Building on the first two chapters, the third chapter analyzes in detail the behavioral strategies that inhabitants of Belorussia employed in response to the demands of the Soviet state. People’s responses, Kashtalian argues, can either be categorized as active adaptation, passive resistance, or active resistance. People who actively adapted were those who, for example, sought senior positions in the party and administration. Passive resistance included sending a complaint letter to the authorities, trying to evade collective farm life by moving to the city, or, if possible, even leaving the Soviet Union itself (under the conditions of the 1944–1946 Soviet-Polish population exchange). Active resisters were members of anti-Soviet nationalist formations, in the case of Belorussia primarily members of the Polish Armia Krajowa, but also others. What that framework cannot explain, however, are statements made by some of Kashtalian’s interview partners who, despite the hardships that they recalled, “began to glamorize the Soviet regime” and justified the state’s repressive measures (p. 230). Similarly, Kashtalian notes that a large part of the population was imbued with Soviet ideals and thus trusted the press. For her, these people were brainwashed by Soviet propaganda (p. 230), or else had distorted perceptions of reality (p. 244). However, if one takes oral history interviews as authentic expressions of people’s understanding of self and their interpretations of historical events, then that should pertain to all aspects of their personal stories. In Kashtalian’s analysis, there is no space for individuals who genuinely believed in some aspects of the Soviet project and at the same time rejected others, or believed in conflicting ideas. Arguably, her argument would have been more nuanced had it taken into account the rich literature on individual agency and subjectivity in Stalin’s Soviet Union, which is missing from her study.3

In short, Iryna Kashtalian’s book shows well the different hardships, many of these a result of the war yet exacerbated by Soviet postwar state practices that inhabitants of Belorussia were confronted with in the years from 1944 to 1953. Analytically, however, the study would have benefitted from engagement with larger scholarly debates within Soviet history.

Notes:
1 I am following the convention to speak of Belorussia when referring to the Soviet Socialist Republic, and of Belarus when referring to the post-1991 independent state.

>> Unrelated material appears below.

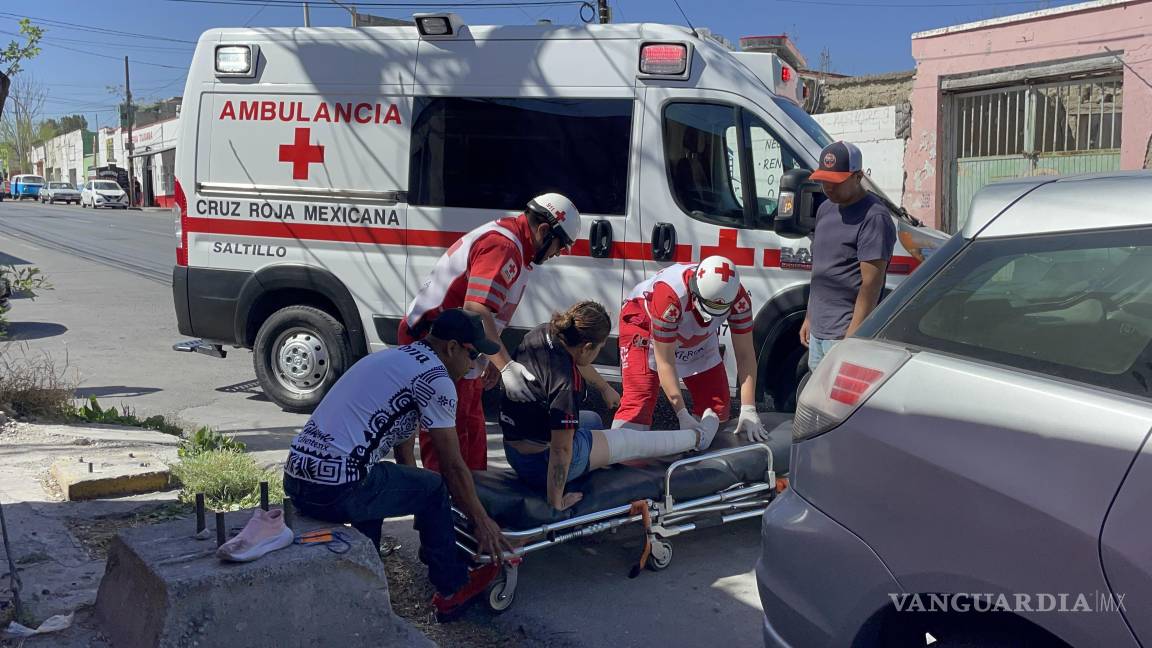 Saltillo: Mujer es arrollada por auto que circulaba en reversa y termina lesionada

2 For example, Amir Weiner, Making Sense of War. The Second World War and the Fate of the Bolshevik Revolution, Princeton 2001; Jeffrey Jones, Everyday Life and the “Reconstruction” of Soviet Russia During and After the Great Patriotic War, 1943–1948, Bloomington 2008; and more recently, although not in time for Kashtalian’s study: Vanessa Voisin, L’URSS contre ses traîtres. L’Épuration soviétique, 1941–1955, Paris 2015.
3 Among the most important: Stephen Kotkin, Magnetic Mountain. Stalinism as a Civilization, Berkeley 1995; Jochen Hellbeck, Revolution on My Mind. Writing a Diary under Stalin, Cambridge, MA 2006; and more recently, although not in time for Kashtalian’s study: Alexis Peri, The War Within. Diaries from the Siege of Leningrad, Cambridge, MA 2017.